If you are suddenly finding yourself in financial trouble, and unable to make your monthly payments, and are left with a house that you can no longer afford, that is worth less than what is remaining on your mortgage, you might be under the common impression that foreclosure, and possibly bankruptcy are your only options. Fortunately, there is an option that can help you to avoid bankruptcy and protect your credit at the same time. This is called a short sale.
What is a Short Sale?
While in many cases you can avoid foreclosure with a short sale, it is important to understand what a short sale actually is, and what it means for the person selling their property. A short sale takes place when the owner of a home is in financial trouble and is unable to make their monthly payments. In order for a short sale to take place, the amount outstanding on your mortgage must be more than what the home in question is worth. Essentially, when a short sale takes place, the owner sells the property in question for less than what is left on the mortgage. During a sale like this, all proceeds go directly to the lender, who then either gets a deficiency judgment against the borrower that requires the borrower pay back part or all of the difference between what was made on the sale and the outstanding mortgage, or the lender forgives the difference.

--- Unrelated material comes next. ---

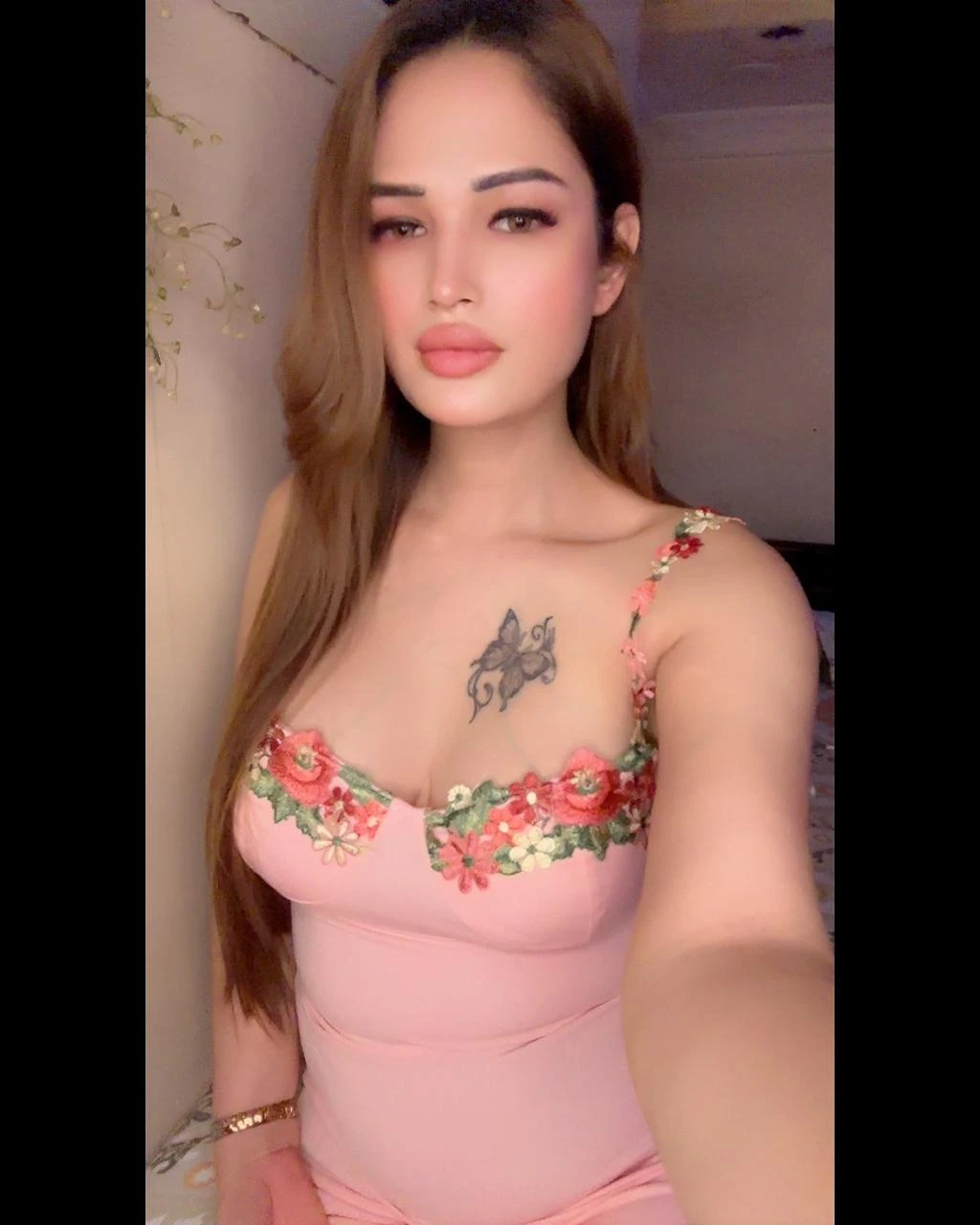 Manisha Here for You – Indian escort in Hyderabad — 3 / 7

What does this mean for the Seller Facing a Potential Foreclosure?
The reality is that a short sale will not necessarily solve the financial problems that the homeowner is facing. However, if a short sale is possible, it can help to salvage the homeowners’ credit and allow them to avoid having to file for bankruptcy. If you are hoping to avoid foreclosure with a short sale there are a number of resources online that you can refer to in order to learn more about the process and the repercussions of doing so. It is also a good idea to contact a real estate lawyer, as well as your bank (or private lender depending on your situation). These are two additional resources that will be able to help you understand all of the options as they pertain to your specific situation.
Not all Borrowers will allow a Short Sale
If you are hoping to avoid foreclosure with a short sale, you ought to be aware of the fact that not all borrowers will allow you to do them. Think about it, a short sale does not get the lender all of their money back, they get a portion, yes, but some banks and private lenders have made it their practice to say “no” to these types of deals. Another concern with avoiding foreclosure with a short sale is that short sales do not always actually go through.
While a short sale is not a perfect alternative to a foreclosure, it is a good one, especially when you consider the alternative. If you are being faced with a potential foreclosure, consider a short sale, speak to the necessary parties, and see if it is possible. After all, it is a lot easier to improve your credit report with only a few blemishes as opposed to a complete bankruptcy.